Transaksi yang positif dilakukan karena Indonesia tidak hidup sendiri, melainkan hidup berdampingan dengan negara dan bangsa lainnya, yang itu tentu tidak mungkin satu pemikiran dan satu pandangan.#aminkanindonesia
JAKARTA | KBA – Guru Besar Fakultas Adab dan Humaniora UIN Syarif Hidayatullah Jakarta, Prof. Sudarnoto Abdul Hakim mengaku sepandangan dengan Anies Baswedan soal perlunya ada perubahan terkait paradigma politik luar negeri Indonesia ke depan. Dari yang saat ini bersifat transaksional menjadi berbasis nilai.
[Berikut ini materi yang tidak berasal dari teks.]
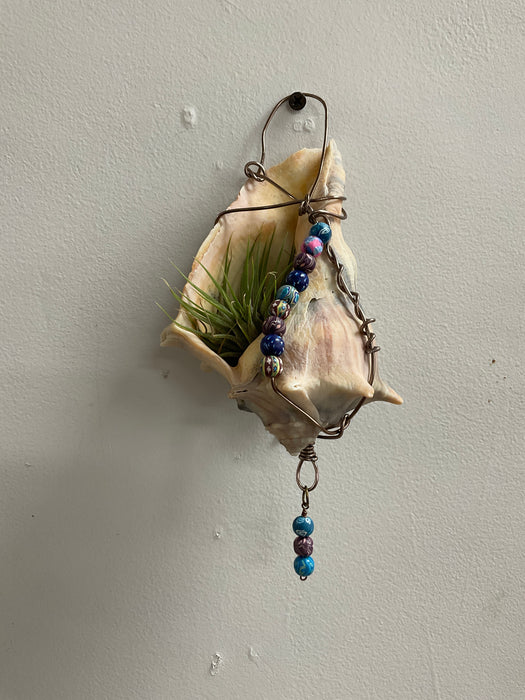 Hanging whelk shell decorated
“Memang nilai-nilai itu menjadi sangat penting. Nilai itu sangat terasa sekarang. Membela kemanusiaan kah, atau membela politik praktis. Itu kan gitu ya, kalau mau disingkat. Bagi saya, politik praktis itu penting, tapi komitmen untuk pembelaan terhadap kemanusiaan itu menjadi sesuatu yang faktor penting, sebagai faktor yang harus kita perjuangkan,” katanya saat dihubungi KBA News, Minggu, 12 November 2023.
Sebelumnya, Anies baswedan menyampaikan, berbagai pihak menilai bahwa politik luar negeri Indonesia masih bersifat transaksional. Artinya, Indonesia bergerak ketika politik luar negeri memberikan keuntungan investasi, keuntungan perdagangan. Bukan tanggung jawab sebagai warga dunia.
Prof. Sudarnoto mengaku paham dengan pemikiran mantan Gubernur DKI Jakarta tersebut. Ia mengatakan juga satu pemikiran dengan Anies Baswedan.
“Saya mengerti, saya paham yang dipikirkan oleh Pak Anies. Karena itu juga yang sebenarnya menjadi pikiran saya,” kata pria yang kini jadi Ketua Majelis Ulama Indonesia (MUI) Bidang Hubungan Luar Negeri dan Kerjasama Internasional itu.
Namun, lanjut dia, soal kata transaksi, dirinya lebih cenderung memaknai hal itu bersikap transaksi positif. Itu karena, ada transaksi yang menjerumuskan, ada transaksi yang tidak menjerumuskan.
“Transaksi-transaksi itu biasa, karena hidup kita ini transaksi. Tapi ada transaksi yang menjerumuskan, ada transaksi yang tidak menjerumuskan. Tentu ada variabel-variabel lain yang kaitannya dengan transaksi,” ucapnya.
Menurutnya, transaksi yang positif dilakukan karena Indonesia tidak hidup sendiri, melainkan hidup berdampingan dengan negara dan bangsa lainnya, yang itu tentu tidak mungkin satu pemikiran dan satu pandangan.
“Jadi, perlu ada negosiasi. Kalau boleh saya menterjemahkan kata transaksi itu ya di situ ada perjanjian, ada komitmen. Tapi pilihannya harus pilihan-pilihan yang moderat. Kalau pilihan ekstrim tentu tidak mungkin. Menurut saya, transaksi yang moderat itu ya jalan tengah,” ujarnya.
Diperlukan Dua Hal
Sebelumnya, dalam acara Pidato Calon Presiden Republik Indonesia: Arah dan Strategi Politik Luar Negeri, di CSIS Auditorium Gedung Pakarti Center, Jakarta Pusat, Rabu, 8 November 2023, Indonesia di masa depan, kata Anies, harus ada pergeseran paradigma politik luar negeri Indonesia, dari yang lebih transaksional ini value based smart power.
“Kami mencoba menggeser dari transaksional menjadi berbasis nilai. Dan strateginya dari diplomasi yang pragmatis menjadi diplomasi yang cerdas,” katanya.
Menurutnya, untuk mewujudkan kebijakan luar negeri berbasis nilai ini diperlukan dua hal. Pertama peningkatan kapabilitas dan kedua adalah peningkatan daya tarik. “Dua-duanya ini dikerjakan,” jelas suami Fery Farhati itu.
“Peningkatan kapabilitas tentu saja dengan kerjasama perekonomian. Kemudian kolaborasi postur pertahanan dan lain-lain. Dan daya tarik Indonesia dengan diplomasi kebudayaan, pendidikan yang membuat Indonesia punya daya tarik yang luar biasa,” ujarnya. (kba).